=== DATASET EXTRACT ===

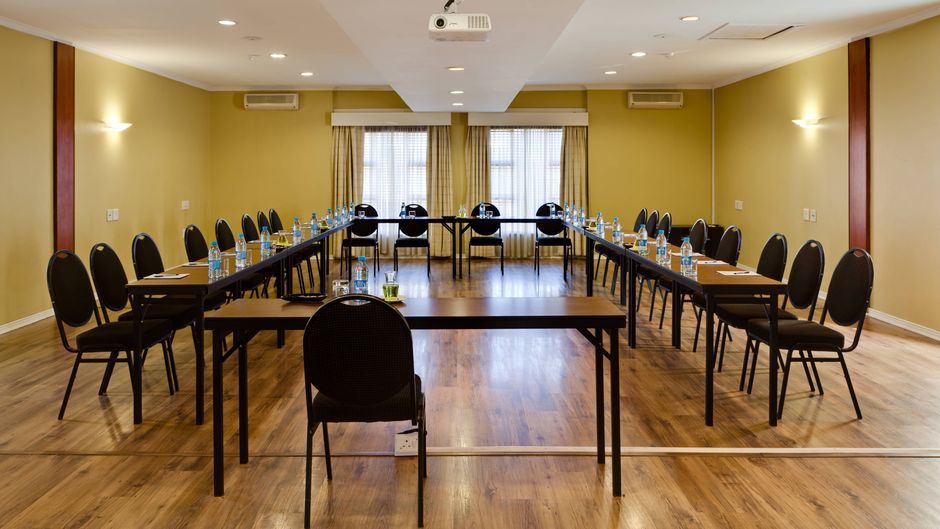 Protea Hotel Bloemfontein Meeting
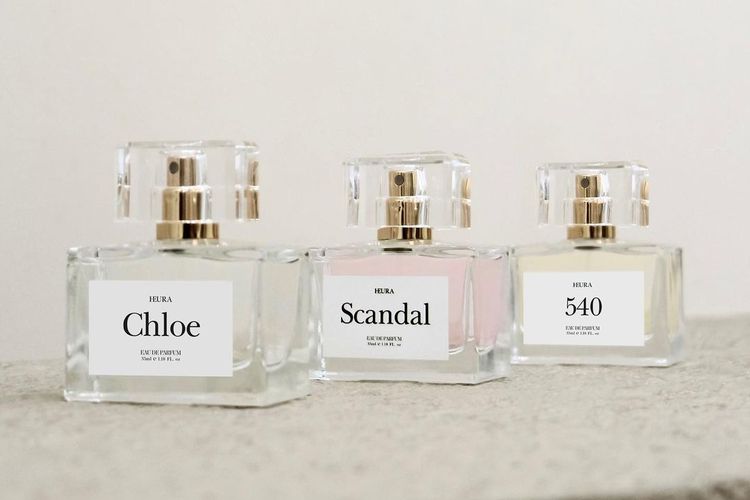 Gak Nyangka! 7 Parfum Lokal Ini Wanginya Se Mahal Itu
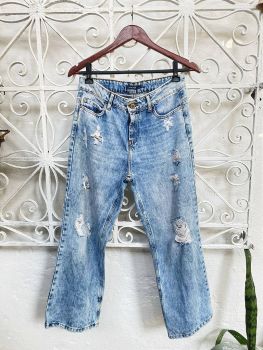 Calça Jeans Marfinno 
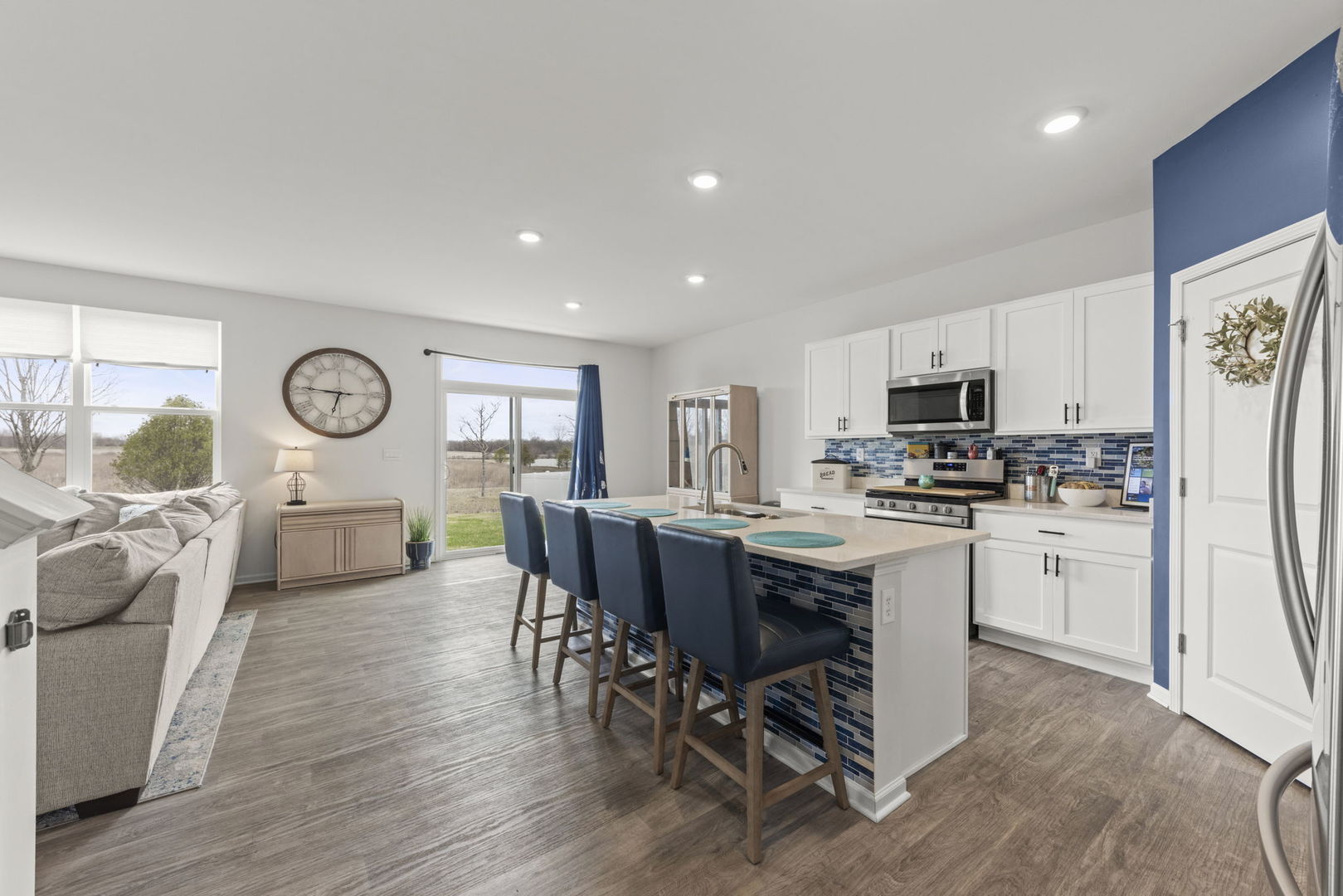 2021 Winterberry Trail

===

**EXERCISE REQUIREMENTS:** Before writing out the material above, please remove its pictures; everything else stays exact.

**SOLUTION:**
 Protea Hotel Bloemfontein Meeting
 Gak Nyangka! 7 Parfum Lokal Ini Wanginya Se Mahal Itu
 Calça Jeans Marfinno 
 2021 Winterberry Trail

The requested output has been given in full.